In the standard serial two-photon lithography process, 3D structures are built by focusing a laser beam to a very fine spot within a photopolymer material. The volumetric pixels, or “voxels,” harden at each point the beam hits, the unpolymerized liquid is removed, and engineers are left with the solid 3D structure. But because the points are so small — less than a micron — it takes a great deal of time to build the structure. With the new method developed at LLNL, called femtosecond projection TPL (FP-TPL), the team parallelized the process by using a broadband, ultrashort-pulsed laser, besting the standard TPL in not only throughput, but also in feature size.
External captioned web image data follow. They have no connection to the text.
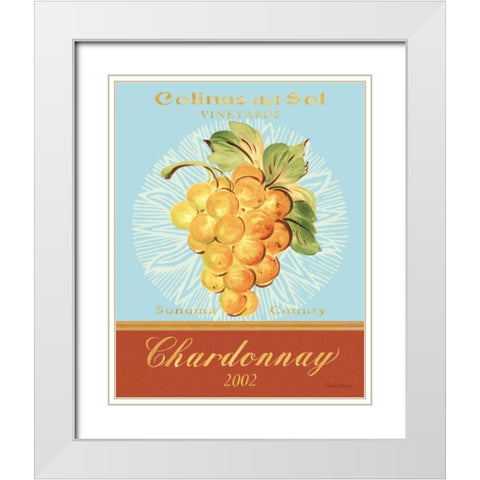Chardonnay White Modern Wood Framed Art Print with Double Matting by Gladding, Pamela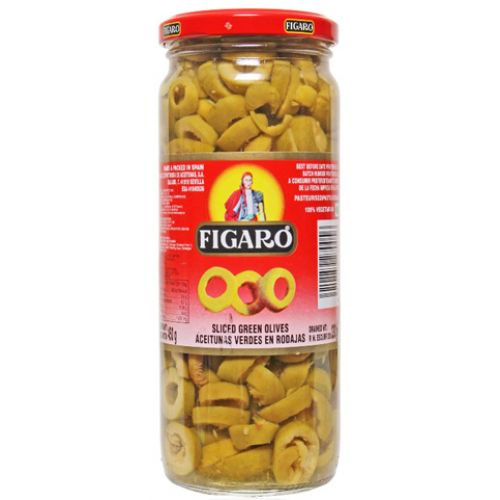 Figaro Sliced Green Olives 130g - Shams Shopping Centre Fegaro  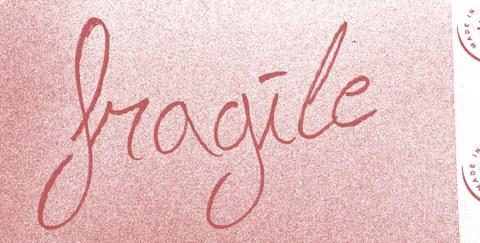 Schriftzug "fragile"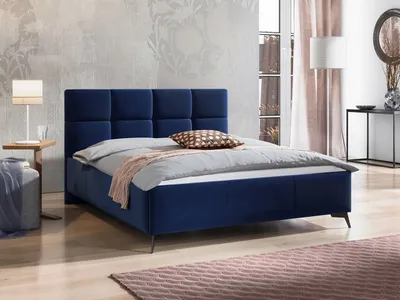 Obrázek produktu pro Manželská postel s úložným prostorem 140x200 TERCEIRA - modrá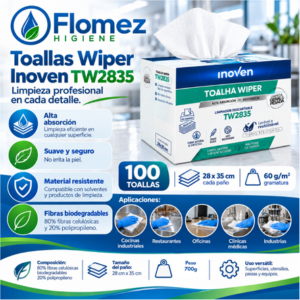 Toallas Wiper Inoven (28×35 /cm) TW 2835 x100 u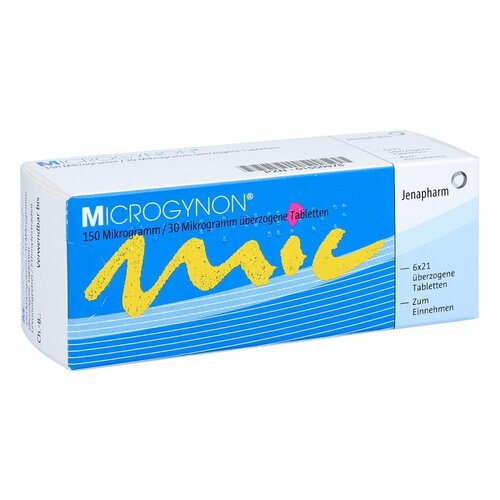 MICROGYNON 21, 6x21 Stk., Jenapharm GmbH & Co. KG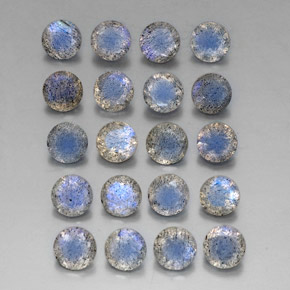 7.18 ct Multicolor Labradorite Stone, Natural Labradorite in Round Facet Shape for Sale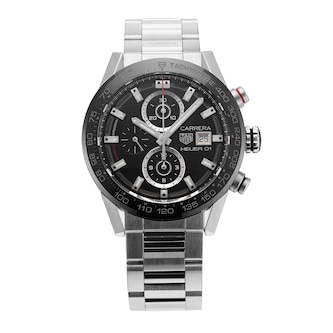 Pre-Owned TAG Heuer Carrera 43mm Stainless Steel and Ceramic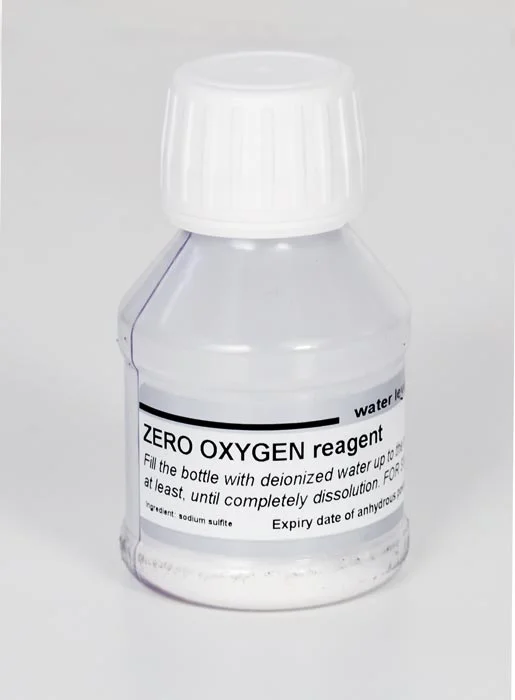 XS Standard Zero 0 Oxygen Single use, transparent bottle with white cap and label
Saha, who recently joined the faculty at Georgia Tech as an assistant professor but performed the work while at LLNL, explained that although other researchers have tried similar parallelization approaches, they’ve resulted in poor resolution and thick features. The LLNL team discovered how to project a million focused points of light at once, while also maintaining light projections thinner than a micron. By temporally focusing the laser and altering the duration of the laser pulse as the light travels through the material, researchers were able to control the intensity of light in the material, creating a gradient of intensity and printing only at high-intensity planes.
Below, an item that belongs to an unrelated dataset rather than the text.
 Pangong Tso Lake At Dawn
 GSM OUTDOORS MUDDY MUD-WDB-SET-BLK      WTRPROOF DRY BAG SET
Using this parallelized FP-TPL technique, the LLNL engineers produced the thinnest nanowires ever printed by any similar 3D-printing system — as thin as 175 nanometers in height and 140 nanometers in width, about 400 times finer than human hair. The researchers printed test samples to show the scaling of the FP-TPL technique, including “log-pile” structures, suspended nanowires and curved structures that are challenging to print through serial techniques.
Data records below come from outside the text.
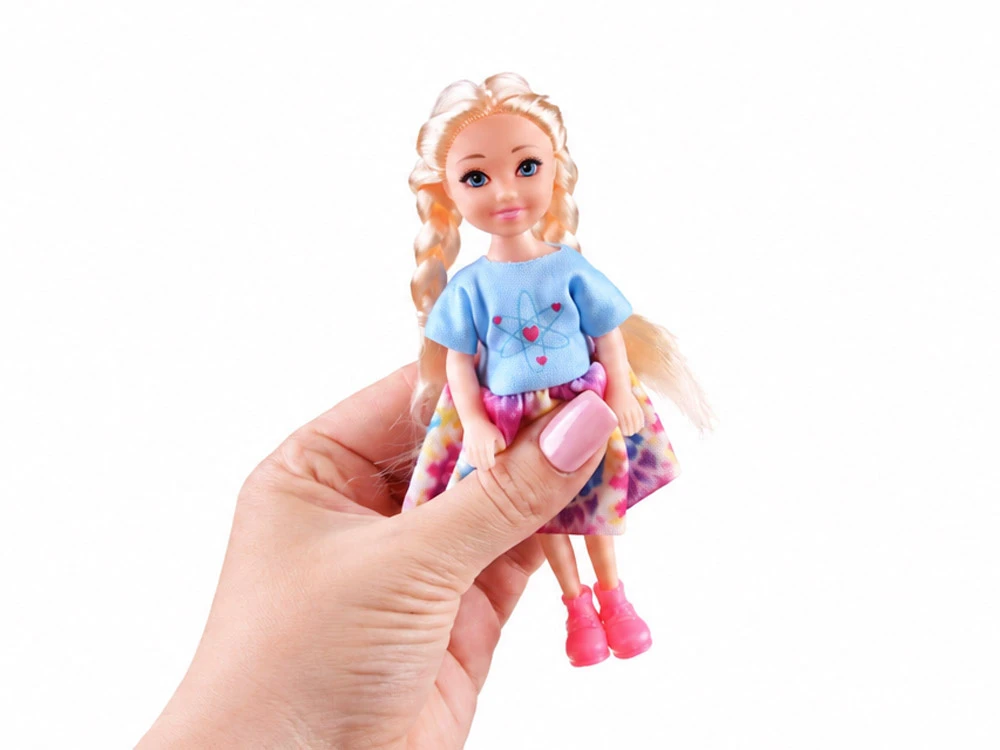 Jokomisiada Mini LALECZKI do domku Rinkinys 6 laleczek mała lalka księżniczki 14cm ZA6176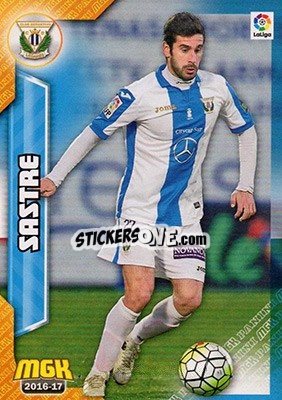 Sticker Sastre - Liga 2016-2017. Megacracks - Panini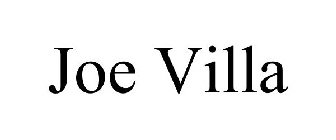 JOE VILLA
They also printed 1-millimeter-long suspended bridge structures with 90-degree overhangs and submicron features, an “impossible” task using any other 3D-printing technique on this fine scale, Saha said, as well as large millimeter-scale cuboid structures to highlight the superior throughput of their technique. A cuboid structure that would take several hours to print with the serial TPL technique was printed in little more than eight minutes with FP-TPL.
Work will be done to improve the process at Georgia Tech and in LLNL’s new Advanced Manufacturing Laboratory (AML), where engineers will look at improving the predictability, control and repeatability of the process. Researchers will explore other materials as well, including ceramics and metals. LLNL has filed patent applications on the technology, which has already drawn interest from multiple companies.
“The parallel two-photon system that has been developed is a breakthrough in nanoscale printing that will enable remarkable improvements in fabrication performance for materials and structures at this size scale to be realized in usable components,” said LLNL’s Center for Engineered Materials and Manufacturing Director Chris Spadaccini. “The AML in LLNL’s Livermore Valley Open Campus is the ideal place to continue this development with industrial partners who could eventually bring this to the commercial sector.”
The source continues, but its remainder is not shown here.